This week marks the official return of Friday’s post, “The Week in Pictures”. The brainchild of well known blog-guru Talley Smith, it represents a snapshot – excuse the pun – of some of the pictorial highlights of the week at Londolozi.
Although there will always be a tendency for the big cats to steal the show, we shall endeavour to give a true representation of what is happening out there, from elephants to eagles, flowers to figs, zebras to Ziziphus trees.
Enjoy this first return installment of “The Week in Pictures”.
One of my favourite sightings from this week was of the Vomba female and her cub. We spotted the female from a few hundred metres away, and were unsure if the cub was going to be with her as we approached. Rounding a corner in the road, this was the sight that greeted us: the little cub on a fallen marula tree. Magic.
A mud-covered buffalo bull walks away from Circuit Pan. It has been estimated that these behemoths can remove up to 25kg of mud at a time from a wallow, further enlarging it for the next big occupant.
A Carmine Bee-eater hawks from a perch on Fluffies Clearing. Summer is a wonderful time to be in the bush if you are a birder, as the migrants add a whole new dimension of color and interest to an already fascinating environment.
A photograph I have been waiting a while to capture; the Golden Mane Majingilane strolls nonchalantly past the Londolozi sign. I have had bad luck in previous attempts at such a shot, as the light was always on the wrong side, or I was too late to get into position, or any number of factors, but the stars finally aligned on this morning.
The 4 members of the Majingilane on a misty morning at Londolozi. Shortly after this photo they all roared their dominance, after which the Dark-maned male walked a few hundred metres away from his brothers to sleep out the day under a gwarrie bush.

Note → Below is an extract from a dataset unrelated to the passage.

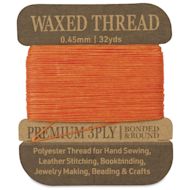 Hemptique Waxed Bonded & Round Thread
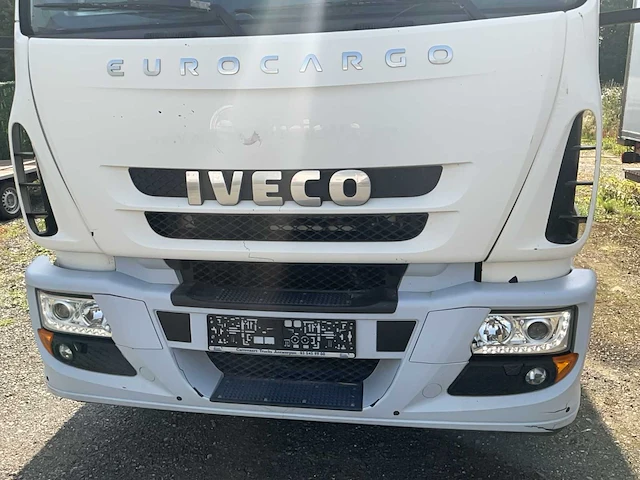 2015 iveco ig190el2ca frigovrachtwagen - afbeelding 34 van  36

The Golden Mane Majingilane walks over the hump in Munghen Double Crossing. Anticipation is often the key to wildlife photography, as we had waited in position for a good 6 or 7 minutes here for the lion to walk over the rise into the early-morning sun.
Another example of experimenting in cloudy weather. A slowed shutter speed and panning the camera along with the subject blurs the movement and background, giving the impression of speed.
A water monitor stares up at us from an ephemeral pan. He was searching the reed beds, maybe looking for birds eggs, and disappeared shortly after this into long grass to continue the hunt.
A pair of red-billed oxpeckers with hair plucked from an impala lamb. These birds will often gather hair as nesting material from their host animals.
Hip-scar of the Majingilane roars early one morning. There is nothing quite like being next to a male lion when he is roaring; you can feel the sound vibrating right through your body. In this sighting, three of them were literally making the vehicle shake with their bellows!
A rock monitor emerges from his hole in an apple-leaf tree. This photo was taken when we were waiting for the Blonde-maned Majingilane to cross Munghen Double Crossing. Tracker Mike Sithole doesn’t miss a beat, and the movement of the reptile caught his eye from above us.
The Tamboti female grooms herself in the Maxabene riverbed late one evening. We had watched her feeding on the remains of a duiker kill high in the boughs of a tamboti tree – after which she is named – before she descended to the sand to clean the blood from her fur.
A pair of whitebacked vultures enjoys the evening light from atop a dead leadwood tree in Open Areas.
Wahlbergs eagles are another summer visitor to the area. This one and its mate had descended to feed on some termite alates, along with some hornbills and Burchell’s glossy starlings.
One of the Ximpalapala cubs eyes out some distant impala from a marula on Ximpalapala crest. These wonderful little leopards can often be found in the area, sometimes together, sometimes apart, but always a pleasure to watch.
A sepia conversion of a photo of the same Ximpalapala cub in the same sighting. This photo was taken against a relatively bright background, and the colour version just wasn’t working, so on the suggestion of Camp Manager Jessica Jeffrey, I converted the image to sepia and was much happier with the result.
To be perfectly honest, that shot was pure luck. I was out experimenting with my new lens (Canon 70-200mm f2.8) – which thankfully has a very fast auto-focus – when we spotted the bee-eater. It was hawking from a branch nearby, and as it returned to its perch from an unsuccessful swoop I pointed and shot. The original shot was slightly wider, as 200mm is not really adequate for bird photography, so I had to crop the final image slightly in order to fill the frame with the bee-eater a bit more.
Bee-eaters can be relatively predictable in their hawking movements, so either waiting for one to fly from a perch or back to it can work equally as well.